L’importanza dello sguardo è appunto un tema ricorrente anche all’interno della narrazione stessa. Uno dei due personaggi maschili è infatti un voyeur a tutti gli effetti (lo vediamo spesso intento ad osservare delle donne da lui scelte come “bersagli” del proprio piacere). Egli, nella perversa messinscena della violenza, narra meticolosamente le azioni e le costruisce quasi a farle sembrare un atto sessuale. L’altro è invece un fotografo con uno strano feticismo verso scene cruente e di morte. La macchina fotografica diviene veicolo voyeuristico: l’immagine viene problematicizzata in quanto oggetto erotico e violento.

L’unico personaggio femminile è invece mero oggetto del piacere sessuale di entrambi: la vicenda diventa dunque la simulazione di un atto sessuale a tre dove però la donna perde qualsiasi autonomia e importanza. Nonostante ella sembri utilizzare questa simulazione erotico-violenta per esplorare le proprie perversioni, viene in realtà abusata dai due uomini.

Le ricorsività di Lanthimos: i vizi umani

Kinetta è un trattato sull’uomo e sul masochismo, a volte nascosto, ma in altre occasioni consapevole ed evidente. Un trattato silenzioso sulla perversione dell’occhio che diviene inquietante perché legata alla violenza; qualcosa che si potrebbe ricollegare a tantissimi contesti della contemporaneità.

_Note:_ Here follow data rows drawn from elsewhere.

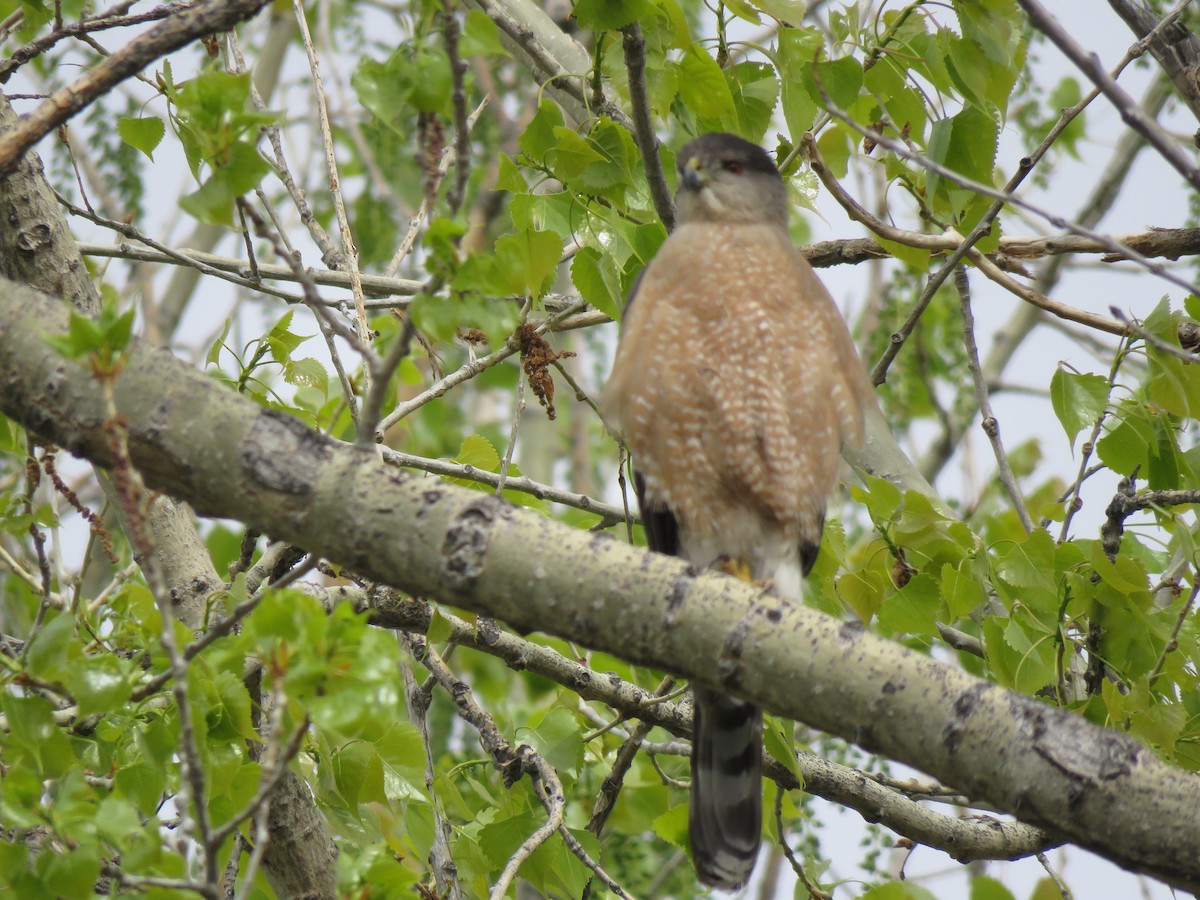 Cooper's Hawk - ML618560421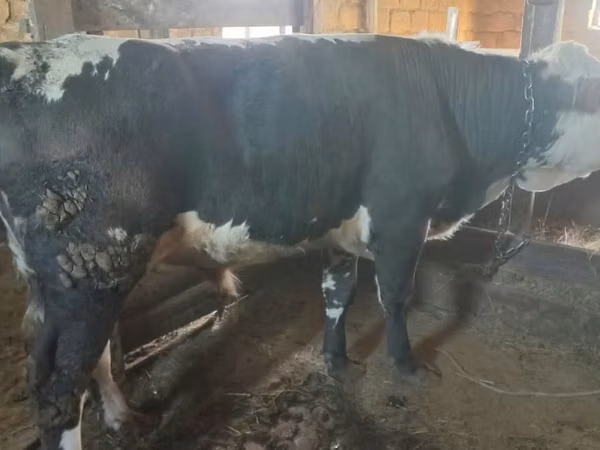 Гов, Latvian Blue cattle — Қазоқистон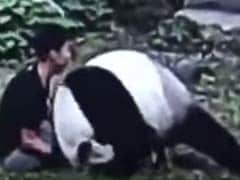He Woke Sleeping Panda. How 265-Pound Bear Reacted Is Caught On Camera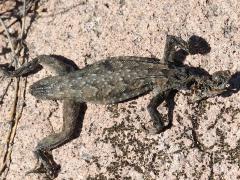 (Common Side-blotched Lizard) elegans male dead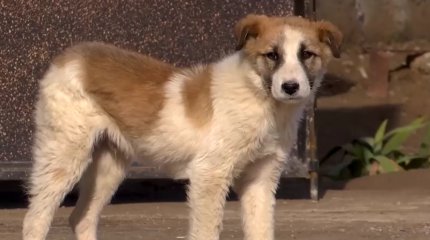 Шымкентте қаңғыбас ит-мысыққа бюджеттен 140 млн теңге қаралды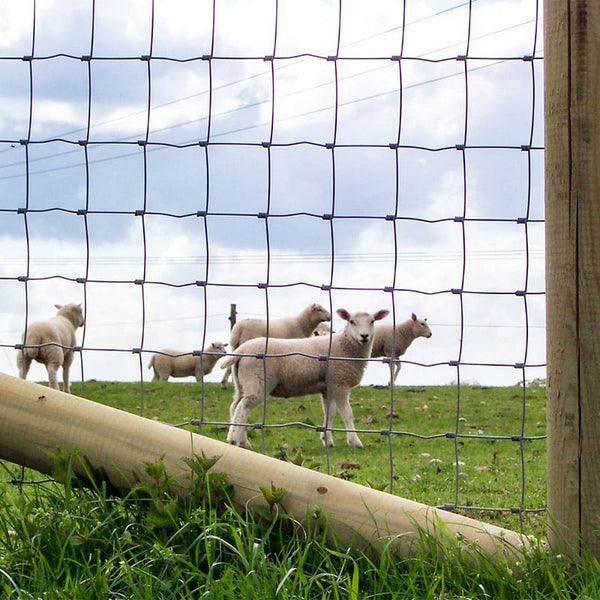 Sheep Netting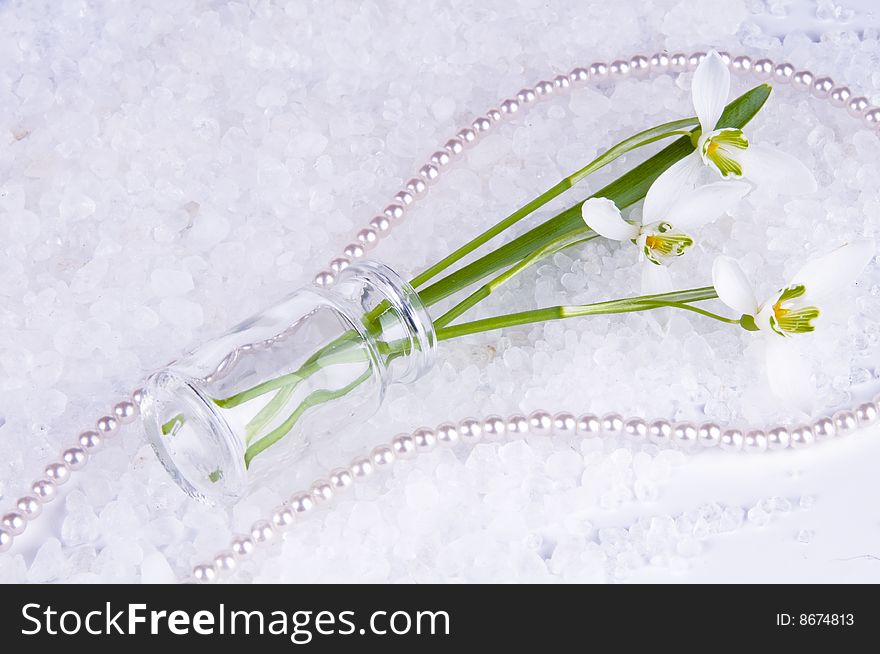 Picture of snowdrops in a small vase. Picture of snowdrops in a small vase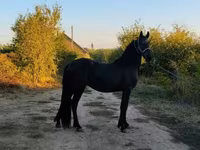 Pastuv, Friesian — fotografija 5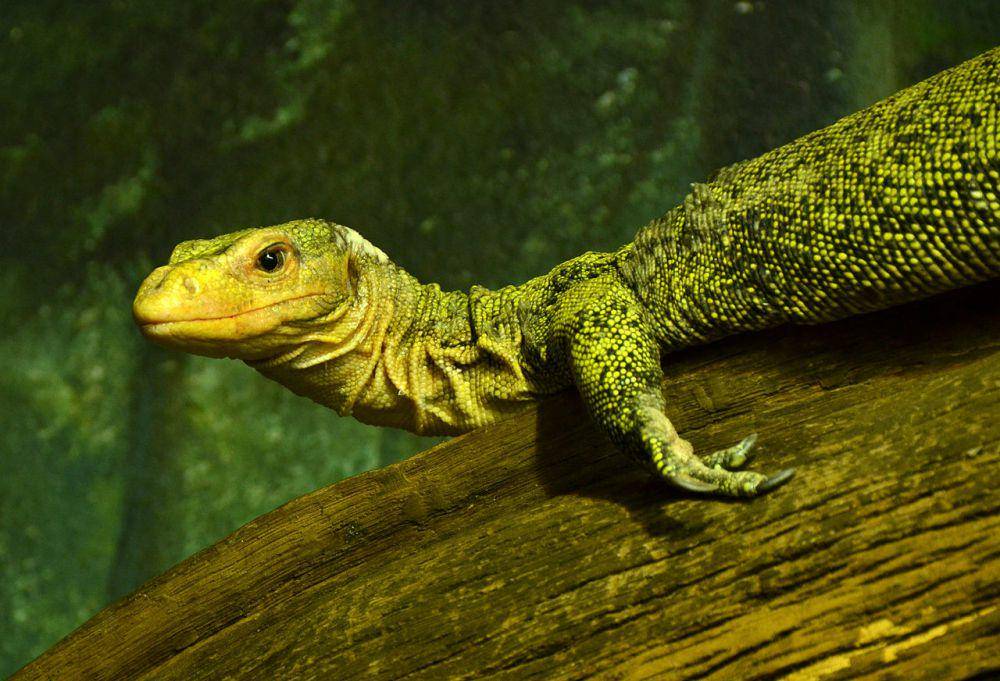 Varanus melinus atau biawak banggai (commons.wikimedia.org/Vassil)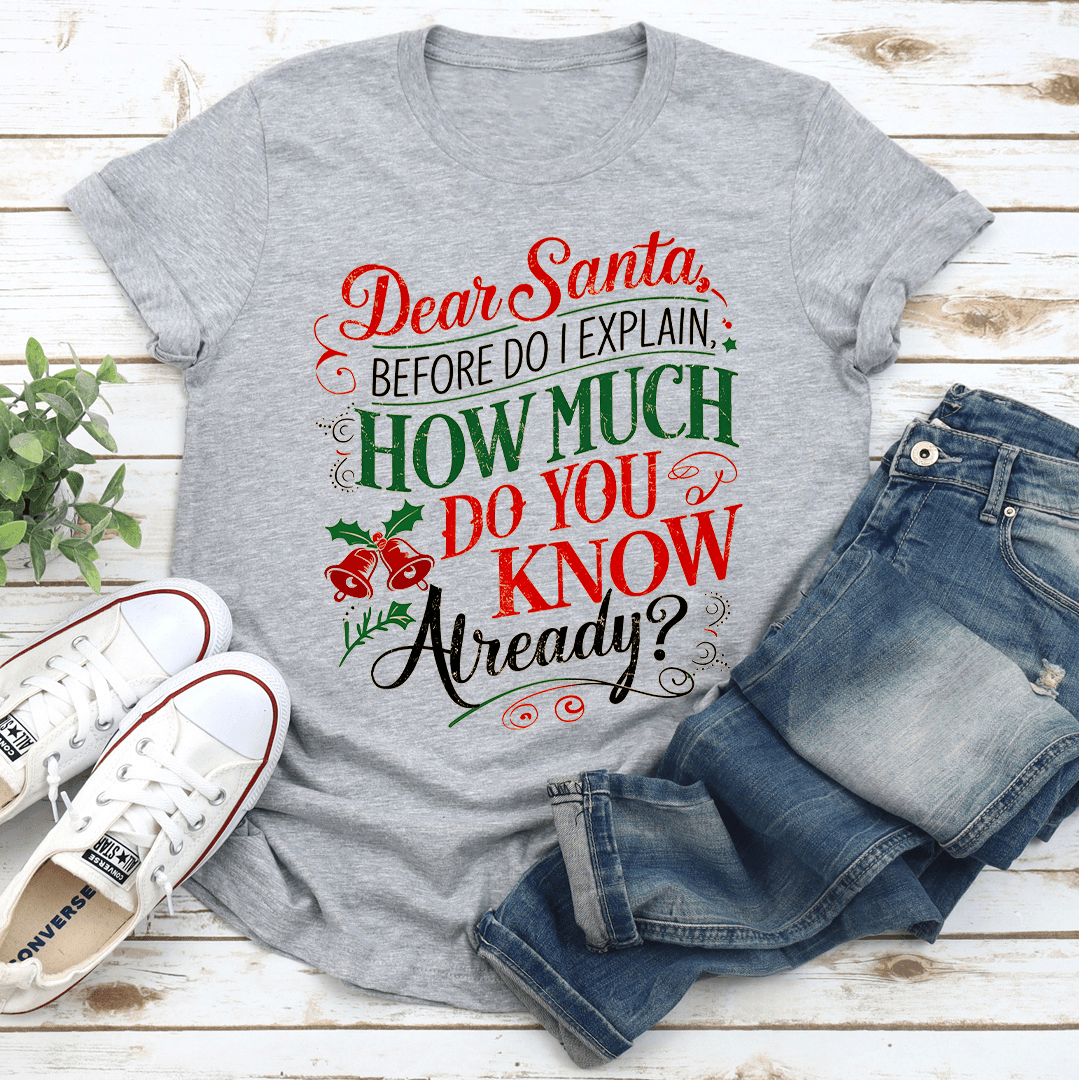 Dear Santa Before Do I Explain Tee 1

In questo suo secondo lungometraggio, conosciamo un Lanthimos ancora un po’ acerbo ma già legato a certi argomenti che ricorrono nella sua intera filmografia. L’uomo è sempre e comunque protagonista dei prodotti artistici del regista greco e per questo riesce a catturare lo sguardo e l’intimità dello spettatore. I suoi personaggi, pur con tratti essenziali, colpiscono sempre.